I have just pasted the same snippet of text into both MS Word 2010 and Scrivener for Windows. In MS Word it says word count is 1,118. In Scrivener word count is 1,143. It is a difference of 228 words (20%), which is quite significant, as I need to write a 100,000 word document, so I don’t want to find out at the end that I only have 80,0000 words.
What is the reason behind this difference? Is there a way to have the same word count in both software? I have checked and there is no other text in that Scrivener document, so I’m baffled as to how it can show 20% more words.
A lot of different word-count algorithms are used across different programs, so it’s doubtful you could get the exact same count in different places across a sample of documents.
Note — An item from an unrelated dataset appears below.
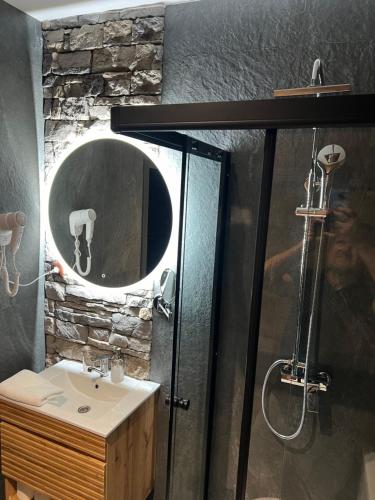 a bathroom with a shower and a sink and a mirror at Vrbecká restaurace- penzion 1 in Hrubá Vrbka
Word doesn’t count hyphenated words or words separated by an ellipsis as two words, which Scrivener does, so that may make up a chunk of your difference. (On the other hand, Scrivener won’t count symbols like “***” as a word, whereas Word will.) Where you’re getting the word count from in Scrivener can make a difference too–the count in the editor footer will include inline notes, so if you have comments on the text that imported, they’ll be getting added to the word count here. Project > Project Statistics is the best count for when you’re bringing work out of Scrivener, as it uses your compile settings, meaning that you can exclude annotations or that it may add to the word count you’d see in the document if you’re compiling titles or title prefixes (“Chapter One” etc.). That text will of course then appear in the document when you open it in Word, but when copy/pasting the other direction you might be picking up some extra words from that right now.
Unless I am missing something (which is entirely likely), that is only a 2% difference. Still an annoyance, although MM’s explanation makes sense.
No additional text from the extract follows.